Paola Masino, eccentrica vestale
A Roma negli anni Ottanta era un’istituzione. La vedevi sempre alle prime, a teatro e all’Opera, una signora alta e sottile con i capelli ondulati raccolti a crocchia, percorsi da pochi fili bianchi malgrado l’età (era del 1908) e la vedevi nel foyer che parlava parlava parlava, fitto fitto, sempre, con questo e con quella, col suo cappotto pied-de-poule e la borsetta nera infilata nel braccio. Si riconosceva subito, per l’altezza, ma soprattutto per un paio di grandi occhiali da vista dalle lenti scure, azzurrognole, che non toglieva mai, mai che li cambiasse con lenti trasparenti. Un vezzo, una necessità? Un modo sardonico di esaltare la propria natura sulfurea, acida, stregonesca? Si chiamava Paola Masino, per i più l’eterna compagna di un grande scrittore semidimenticato, Massimo Bontempelli, morto nel 1960, e lei rimasta a far da vestale al suo ricordo e a rimestare fra le sue carte. Ma non era solo questo Paola Masino. Anzi, prima di tutto è stata e resta, un grande talento femminile: estrosa, coltissima, eccentrica, autrice di un mucchietto di libri, alcuni pubblicati con successo nella giovinezza e poi entrati nel buio della dimenticanza (capita ormai a nomi ben più celebri), altri rimasti nel cassetto, e da ultimo autrice esclusivamente di libretti d’opera per musicisti contemporanei, quelli insomma che nessuno vuole ascoltare.
Mi capitò di conoscerla nell’inverno del 1983 per un’intervista, ma di stregonesco non trovai nulla. Salii all’attico del suo vecchio appartamento, che era stato dei genitori, in via Liegi, una zona periferica del Quartiere Parioli, e mi ritrovai avvolta di luce, quanto lei era sempre tutta nera e malinconica. Subito mi fece fare il tour della casa, mi mostrò i fiori che coltivava sul terrazzo, svelta tagliandone uno, il più bello, per donarmelo. E dentro ecco il pianoforte che ormai non suonava più e libri libri libri che percorrevano ogni stanza, polverosi, pesanti, soffocanti. Alla parete un quadro di De Pisis la ritraeva giovane e bella, con grandi occhi chiari e drammatici. Su un tavolino basso era messa a dormire una magnifica scultura di donna accoccolata, di schiena. “E’ il più bel nudo di Arturo Martini” mi disse. “Forse uno dei più bei nudi del ‘900. Oh, mica perché lo dico io, lo dice tutta la critica!

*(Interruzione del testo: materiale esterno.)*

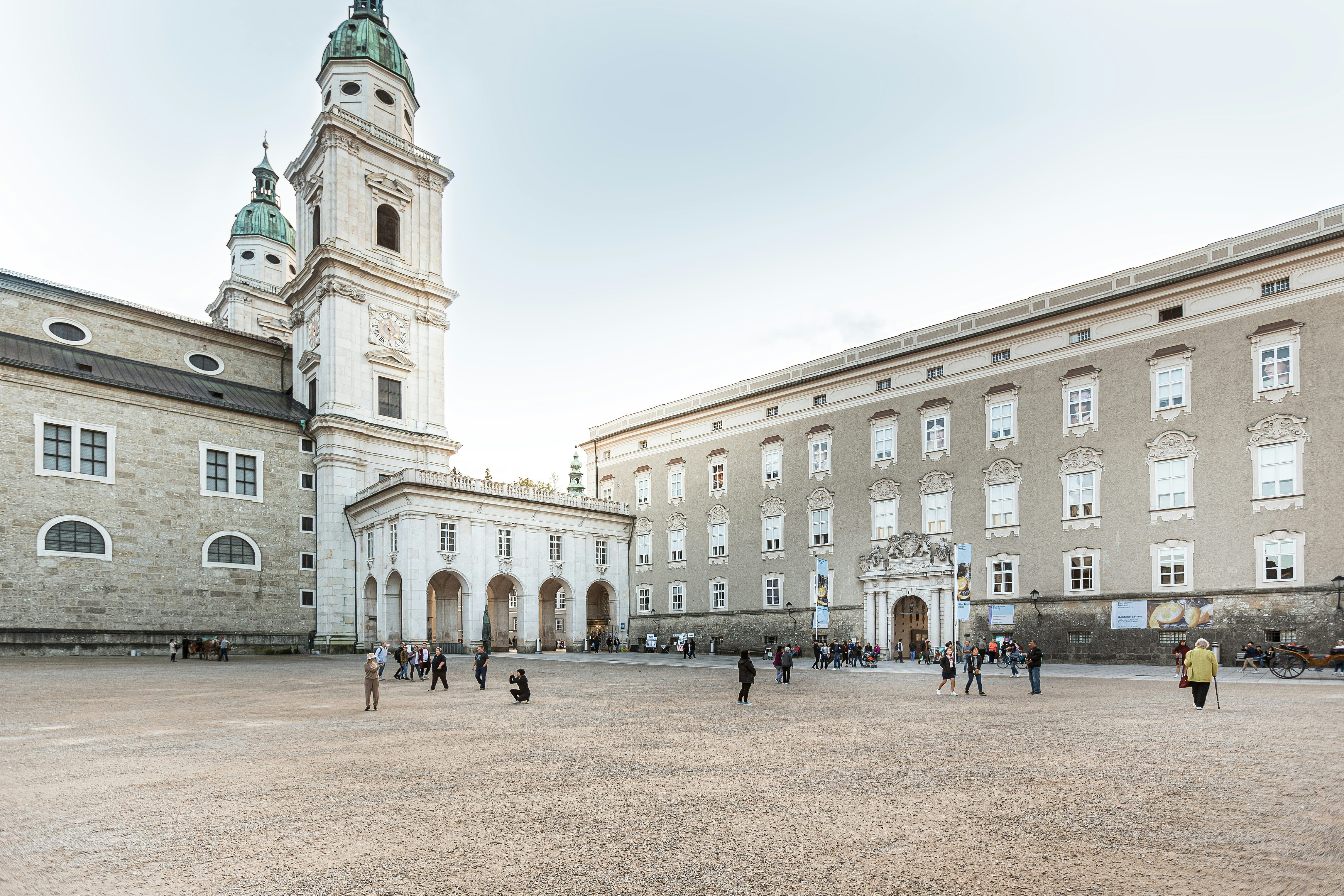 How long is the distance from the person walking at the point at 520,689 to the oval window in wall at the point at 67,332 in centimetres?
3921

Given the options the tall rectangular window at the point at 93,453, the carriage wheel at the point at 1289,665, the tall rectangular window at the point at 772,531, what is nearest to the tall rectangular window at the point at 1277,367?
the carriage wheel at the point at 1289,665

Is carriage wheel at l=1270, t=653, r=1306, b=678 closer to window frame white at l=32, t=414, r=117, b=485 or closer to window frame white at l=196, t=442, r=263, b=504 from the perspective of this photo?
window frame white at l=196, t=442, r=263, b=504

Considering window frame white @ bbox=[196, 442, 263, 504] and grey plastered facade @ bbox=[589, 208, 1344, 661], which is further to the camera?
window frame white @ bbox=[196, 442, 263, 504]

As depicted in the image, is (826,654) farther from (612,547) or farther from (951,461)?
(612,547)

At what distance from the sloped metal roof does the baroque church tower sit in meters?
2.53

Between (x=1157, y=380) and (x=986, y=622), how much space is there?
1265 cm

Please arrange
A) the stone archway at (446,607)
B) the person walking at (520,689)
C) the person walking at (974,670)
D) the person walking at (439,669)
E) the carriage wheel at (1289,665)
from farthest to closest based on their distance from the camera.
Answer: the stone archway at (446,607) → the carriage wheel at (1289,665) → the person walking at (439,669) → the person walking at (974,670) → the person walking at (520,689)

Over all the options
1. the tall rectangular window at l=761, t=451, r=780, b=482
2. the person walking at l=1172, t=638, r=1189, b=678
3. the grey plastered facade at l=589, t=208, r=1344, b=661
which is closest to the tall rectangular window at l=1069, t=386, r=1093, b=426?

E’ bello perché non è polemico e non è lezioso”.
Dalla Tartaruga, casa editrice femminista che godeva a quei tempi di molta attenzione, era appena stato riproposto uno dei suoi romanzi più stravaganti, “Nascita e morte della massaia”, scritto alla fine degli anni Trenta e, dopo varie vicissitudini che contemplarono la censura fascista come un bombardamento alleato che ne distrusse la prima tiratura, pubblicato nel ’45 da Bompiani, ma oscurato dalla sempre ostile critica di regime che lo considerò “disfattista e cinico”. E’ la storia di una giovane donna irriducibile e ribelle, che una volta normalizzatasi, e quindi sposatasi, diventa preda di una pazzoide casalinghitudine (tanto per citare il libro di Clara Sereni, notissimo in quel periodo) e di una fissazione maniacale per l’ordine e le pulizie. Naturalmente la “Massaia”, come scrisse Silvia Giacomini nell’introduzione, “riguarda le casalinghe come ‘Moby Dick’ gli studiosi di balene”. E’ piuttosto una disperata ricerca d’identità fuori dagli stereotipi femminili imperanti, una ribellione radicale e fallimentare, uno scavo nella scissione profonda della natura della donna divisa fra dover essere e anarchia desiderante, complesso incontro col doppio che tentiamo di soffocare e che, proprio per questo, esplode un bel giorno ingovernabile e funesto.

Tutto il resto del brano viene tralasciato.